In questo contesto emergono l’attaccamento alle radici, al territorio e nuovi orizzonti, nello studio di nuovi materiali naturali, ecosostenibili o cruelty free, e nella riscoperta di realtà artigianali o di patrimoni di stoffe già presenti che vengono reinventate e reinterpretate in logica di edizione limitata.
Associazioni e Progetti
Molto forti ed emozionali anche gli interventi di Federico Moro per la Robert F. Kennedy Human Rights che ha portato testimonianza degli sforzi della fondazione in tema di diritti umani, ambientali e dei lavoratori evidenziando come RFK avesse già teorizzato nel ‘78 che Il PIL dovesse misurare oltre a indicatori economici anche l’inquinamento, la deforestazione e i comportamenti dei consumatori, di Federico Garcea, Fondatore e CEO di Treedom e di Sabina Airoldi, la “signora delle balene”.

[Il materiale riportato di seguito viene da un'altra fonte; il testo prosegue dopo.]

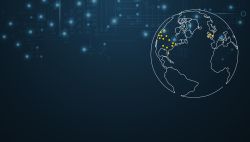 Hero Portfolio Listing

Federico ha spiegato il progetto Treedom sia nella valenza di sostenibilità ambientale che sociale e anticipato il festeggiamento per il primo milione di alberi piantati, Sabina ha portato la sua testimonianza di anni di collaborazione con l’Istituto Tethys sul valore del Mediterraneo e dei mari in generale nell’equilibrio climatico. Ha evidenziato come, oltre a parlare di alberi sia necessario parlare di mare, visto che dal Fitoplancton arriva il 52% dell’ossigeno prodotto ogni giorno e di come proteggere balene e capodogli, che sono specie ombrello, significhi preservare tutte le specie marine.
Dreamers or makers?
Non sognatori, quindi, come suggeriva il titolo dell’incontro, ma persone e aziende seriamente impegnate nella sostenibilità e nella protezione dell’ambiente. Per ideologia e per business. A mente fredda, possiamo dire che l’impegno ambientale sia il must di stagione: salvaguardare il pianeta significa rispettare le generazioni future consegnando loro un ecosistema sano ma anche venire incontro ai loro valori, proteggendo il business. Sostenibile vende di più e vende meglio. E cosa dire sulla riduzione degli sprechi o sul maggiore appeal nei confronti dei potenziali investitori? Insomma, se l’azienda può essere chiamata ad un investimento iniziale per adeguare i propri processi in ottica green, il ritorno è garantito in termini di immagine ed economici come evidenziato nell’articolo della Stampa.
Per spostare il punto di vista, da un’indagine realizzata da LinkedIn e pubblicata dalla CNBC, risulta che l’86% dei millennial prenderebbe in considerazione una riduzione del proprio stipendio pur di lavorare per un’azienda in cui missione e valori – dal rispetto per l’ambientale all’integrazione sociale – si allineano con i propri.
Verso un futuro green, quindi, al grido di: “il business ci salverà”.